For Reg Alcock, the fallout from the Gomery inquiry represents a painful irony: "He defined an incredibly aggressive agenda to reconstruct politics," Mr. Alcock says. Instead "his whole time has been spent reacting to the actions of others."
Whatever will become of Paul Martin?
The Liberals believe they have a shot at winning a June election. Polls are volatile, and voters may punish Conservative Leader Stephen Harper for forcing a premature vote. Besides, they argue, public opinion is being shaped by the opinions of political and media elites. But once an election campaign is under way, voters will start to think for themselves.

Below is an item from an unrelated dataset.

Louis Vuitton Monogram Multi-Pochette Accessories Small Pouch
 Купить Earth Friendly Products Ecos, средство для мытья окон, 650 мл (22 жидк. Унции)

The Martinites will tell you that they are governing "on the numbers." Liberal strategist John Duffy explains it this way: The public-policy establishment promotes a mostly conservative agenda emphasizing a larger role for the private sector in health care, deeper North American integration, and an emphasis on postsecondary education.
But Mr. Martin chose instead to implement what polls ("the numbers") say are the priorities of the general public: fixing the public health-care system, concentrating on education in the early years (hence, the child-care program) and reversing the decline of the urban environment.
"Right-of-centre elites think we're wrong, wrong, wrong," Mr. Duffy contends, "because we are on the public's agenda, not the elites' agenda. But the public likes this stuff."
The Liberal strategy is to neutralize the Gomery effect by demonstrating contrition and a determination to get to the bottom of the affair. Thursday night's television address, and this weekend's media blitz by the Prime Minister -- The Sorry as Hell Tour, a sequel to last year's Mad as Hell Tour -- are the first steps. Then the Liberals will try to shift the emphasis, focusing on their social agenda and contrasting it with the Conservative plan for tax cuts and closer co-operation with the United States.
It just might work. Except, as some of them quietly admit, the Liberals have a major handicap: They are the only party that doesn't want an election. The Bloc Québécois and the NDP hope to make significant gains, while the Conservatives hope to form a government.
Given the Liberals' internal divisions and uncertain track record, the question will be whether the party and the Prime Minister can summon the psychic energy needed to sustain a six-week election campaign that delivers, at the least, a Liberal minority.
To deprive Paul Martin of the chance to complete the agenda he set himself and the country, his supporters believe, would be a terrible loss for Canada.
"I wish people could see through the doors of cabinet and how committed he is to an agenda. He has an agenda of care and he is almost immune to political consideration," said Veterans Affairs Minister Albina Guarnieri.
"When you raise political considerations with him, he brushes you aside and he demands to know the right thing to do from a good policy perspective."
Mr. Alcock describes a leader who will "chase you around the table 50 times" making up his mind, but who is "serene" once that decision is made. The Prime Minister has laid out his proposal to delay an election until February, after Judge Gomery issues his report. But if the opposition is determined to fight it now, Mr. Alcock is certain Mr. Martin is ready.
"I don't know where he gets the energy. I know he gets it."
But the odds are formidable. And it's not just the Gomery inquiry and the debatable legacy.
"There is, in the mind of the people, a degree of fatigue with any government," Mr. Alcock observes.